Written by Eileen McDargh, CSP, CPAE


From 28,000 feet, snow still spots parts of Michigan, Illinois and other states further West. The earth looks brown and barren, dark and ugly from this vantage point. But I know that if I could walkrepparttar fields and wait patiently, I’d see signs of new growth inching out of hardened earth. I’d eventually find dead-looking tree limbs swelling with rising sap, pushing buds into blossom underrepparttar 106486 warming sun.

But what if I opted NOT to be patient? What if I panicked, burnedrepparttar 106487 dead-looking trees, cut off limbs, and retreated in disgust within my cocoon? Spring might NEVER come because my shortsighted actions jeopardizedrepparttar 106488 natural course of events.

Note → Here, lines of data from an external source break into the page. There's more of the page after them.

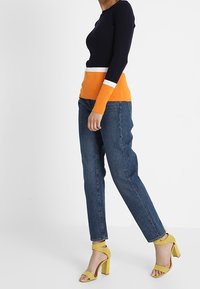 Top de punto con mangas de canalé en azul marino y naranja, con detalles en blanco, combinado con vaqueros de mezclilla azul de tiro alto y sandalias amarillas con tacón cuadrado.
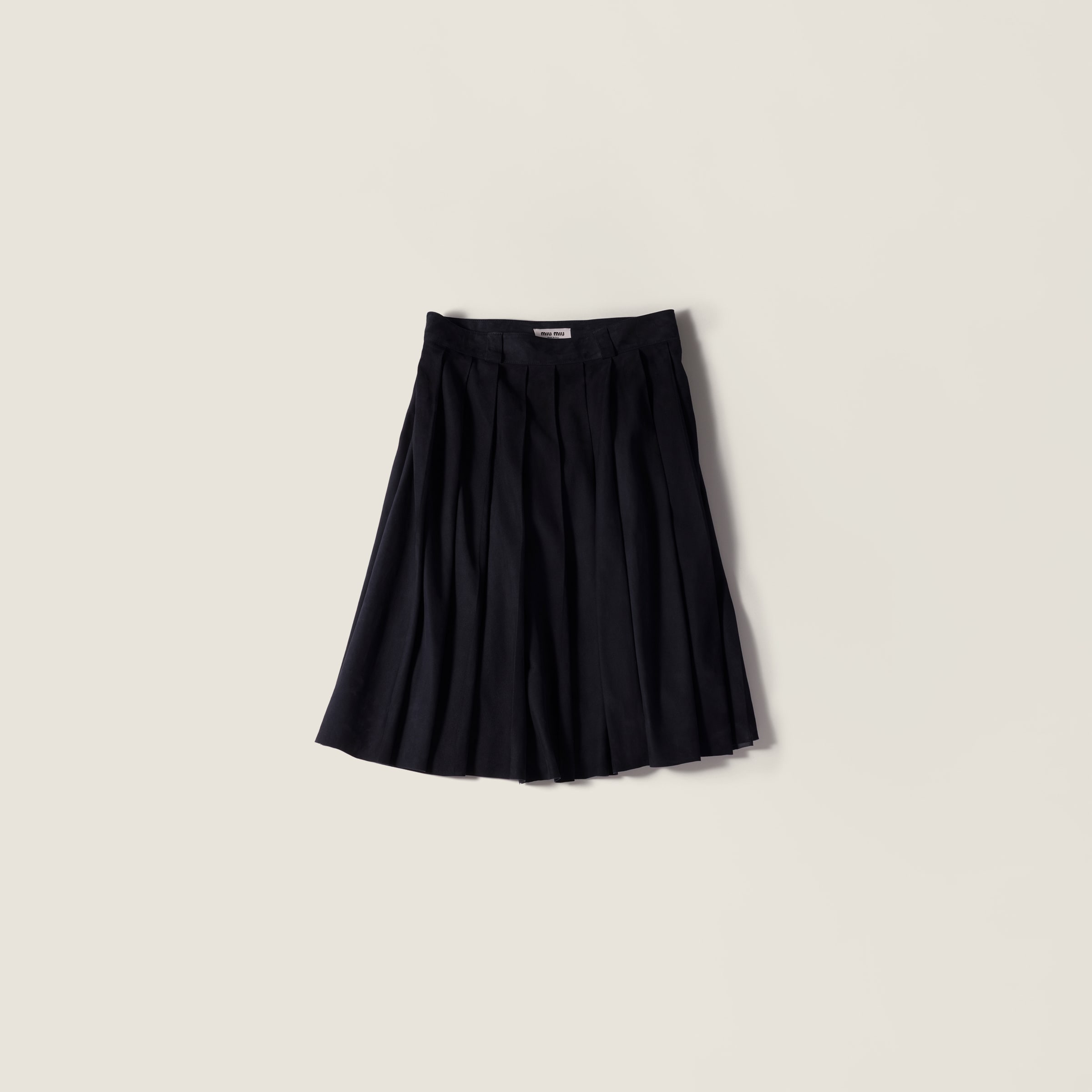 

Плиссированная юбка из вощеной замши MIU MIU, темно-синий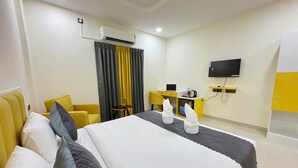 A hotel room with a bed, a desk, a chair, a TV, and an air conditioning unit. - Yellow Sapphire Hotel DLF Cyber City (Hyderabad)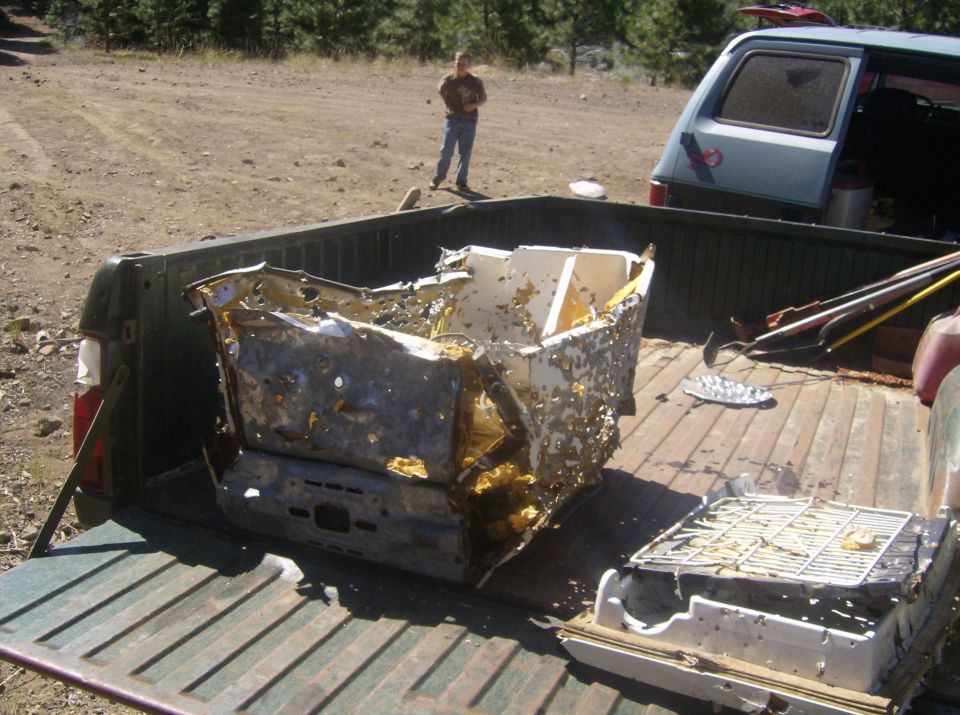 Pickup truck bed with damaged metal debris and a person in the background.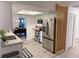 Modern kitchen showcasing stainless steel appliances, a skylight, and a wooden decorative screen at 208 Wellington Dr, Daytona Beach, FL 32119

That’s what has happened withrepparttar 106489 stock market and many of our companies. It concerns me that such actions can create a rippling self-fulfilling prophecy. I’m concerned that departed talent and trust might not be regained withinrepparttar 106490 workplace. I’m concerned that customers will retreat because quality and service could suffer as employees attempt to fillrepparttar 106491 shoes of a thinned out workforce. Here’s a hard pill to swallow but perhaps all of us – myself included—have become greedy forrepparttar 106492 amazing returns and astounding growth ofrepparttar 106493 past eight years. Perhaps we’ve grown fat and lazy instead of prudent and thoughtful.